Baudirektor Mertens kritisiert Sanierungsstau im Fachwerk

Viele Flächen der Einbecker Innenstadt sind ungenutzt, etliche Gebäude sind in schlechtem Zustand. Im Interview spricht Joachim Mertens, neuer Baudirektor bei der Stadtverwaltung, über Ursachen und Auswege aus der Situation. Mertens: "Eine wichtige Initiative sind die Sch(l)aufenster." In verschiedenen Fällen hätten die dekorierten Auslagen dazu beigetragen, den Leerstand zu beenden.

Leerstand ist ein verbreitetes Problem in der Einbecker Innenstadt. "Ein wichtiger Grund ist, dass so viele junge Menschen wegziehen", sagt Baudirektor Joachim Mertens.

In Einbecks Fachwerkhäusern herrscht hoher Leerstand.
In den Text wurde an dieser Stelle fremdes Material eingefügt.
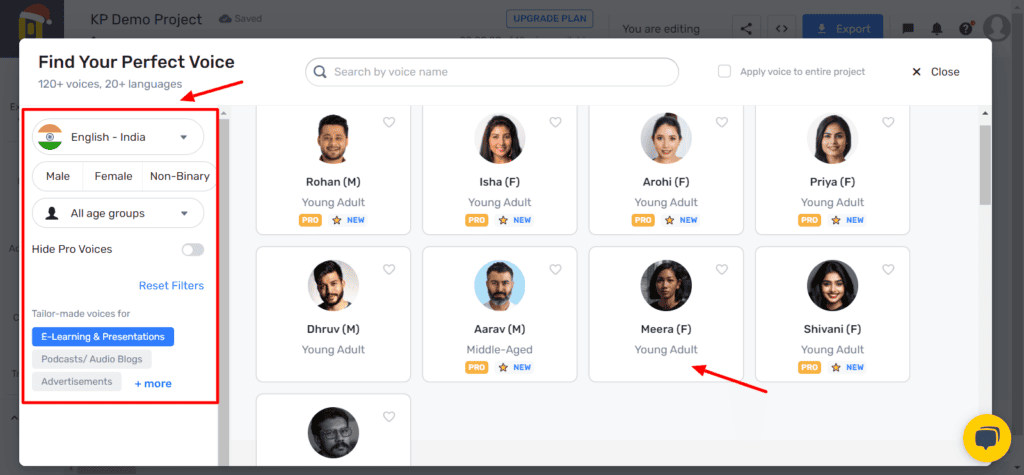 Murf AI Voice Library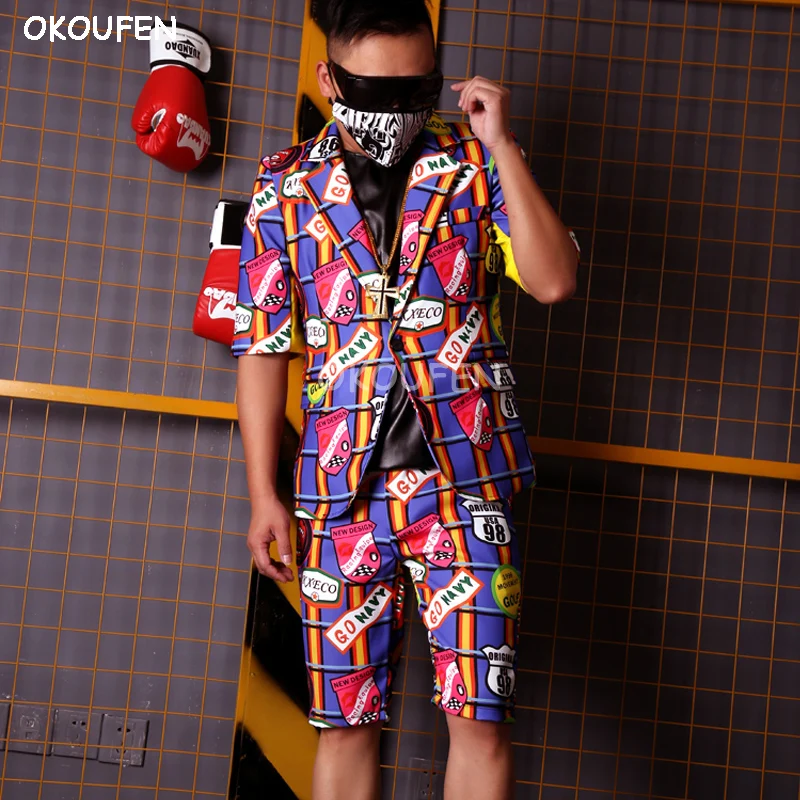Fashion Purple Graffiti Print Half Sleeve Suits Party Stage show Dress Costumes Nightclub Bar Singer DJ Dance outfit
Fashion Purple Graffiti Print Half Sleeve Suits Party Stage show Dress Costumes Nightclub Bar Singer DJ Dance outfit
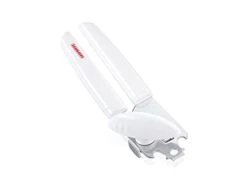 Leifheit Exact Can Opener, White, Strong Stainless Steel Deluxe Tin Opener, Hardened Steel Geared Cutting Wheel, Effective Opener,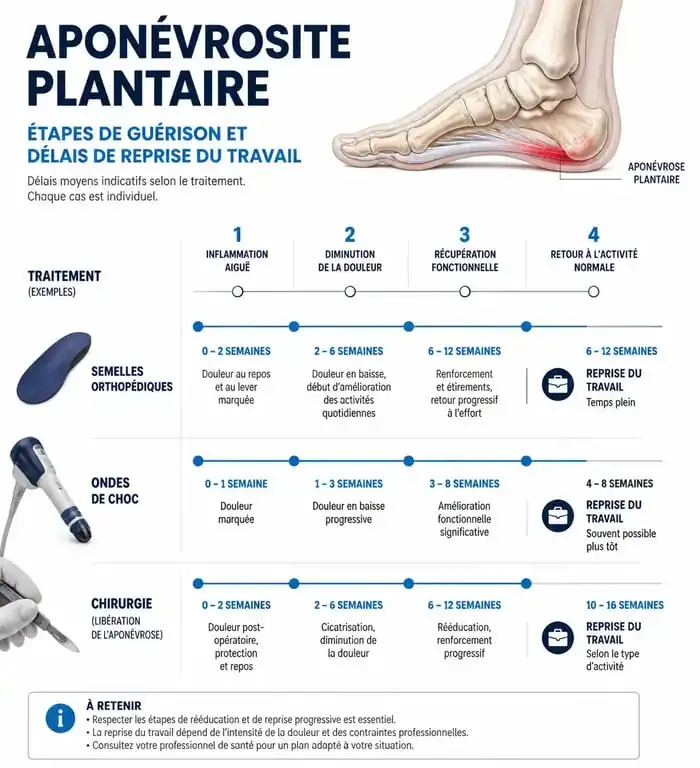 Infographie sur la durée d'arrêt de travail et les délais de guérison pour une aponévrosite plantaire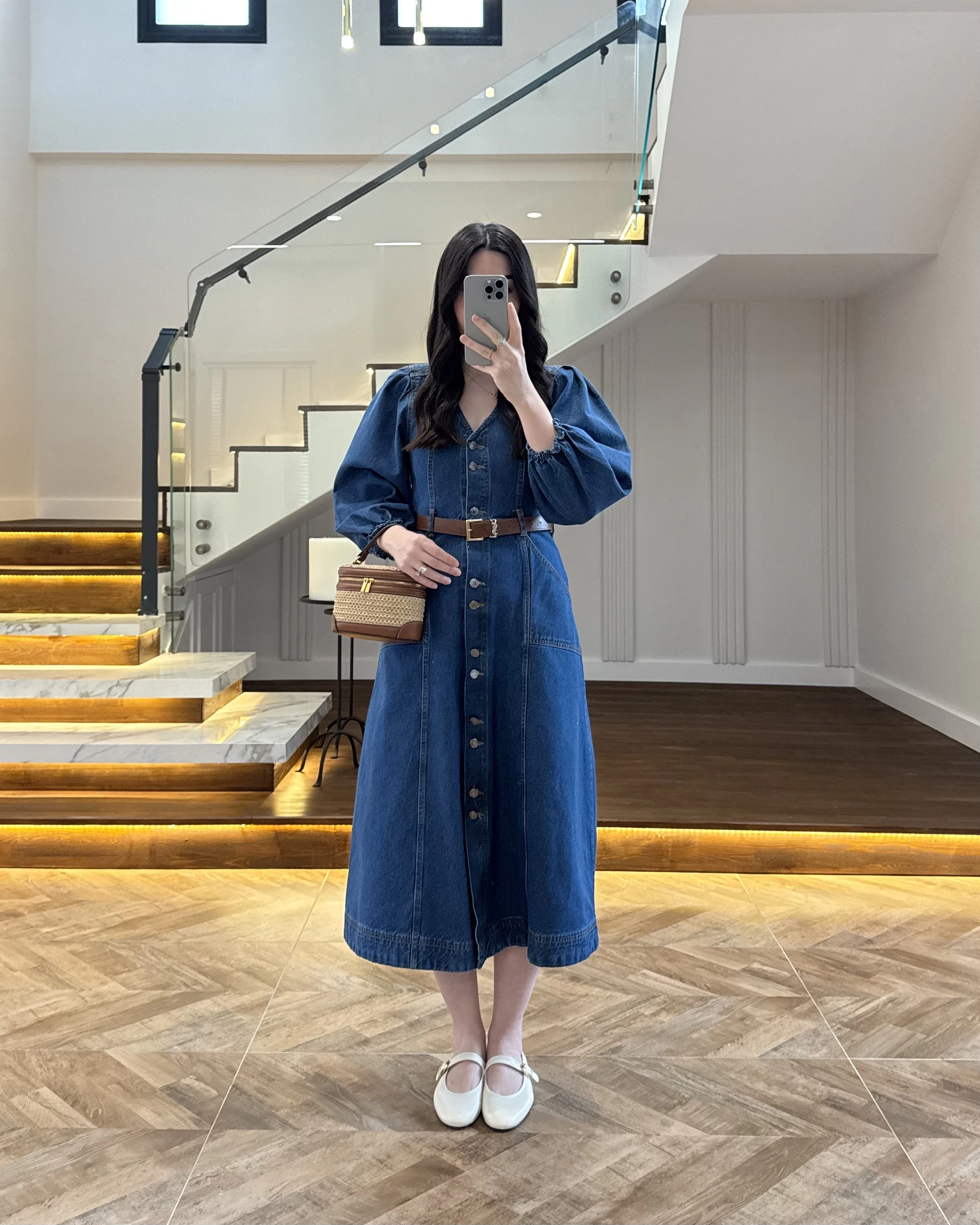 DENIM YARIM KOL ELBİSE -7240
Macht der Denkmalschutz Investitionen zu teuer?
Nein, das ist nicht das Problem. Meine zuständigen Mitarbeiter aus dem Denkmalschutz sind immer daran interessiert, gemeinsam mit dem Eigentümer zu einer Lösung zu kommen – denn wir möchten, dass die alten Gebäude genutzt werden. Wir sagen nur dann Nein, wenn es unvermeidlich ist. Das gilt zum Beispiel bei Kunststofffenstern in alten Fachwerkhäusern oder wenn ein historisches Gebäude komplett entkernt werden soll.

Wenn es nicht am Denkmalschutz liegt - was ist dann der Grund für den Leerstand?
Leerstand ist kein spezielles Problem in Einbeck, sondern weit verbreitet in kleinen Städten. Ein wichtiger Grund ist, dass so viele junge Menschen wegziehen – zum Beispiel an die Hochschulstandorte. Als zweiten großen Faktor sehe ich den Sanierungsstau im Fachwerk. Etliche Eigentümer haben über längere Zeit nicht ausreichend investiert, so dass sich die Kosten einer Instandsetzung immer höher aufgetürmt haben. In solchen Fällen scheuen oft auch die Erben vor den hohen Investitionen zurück und nehmen lieber Leerstand in Kauf.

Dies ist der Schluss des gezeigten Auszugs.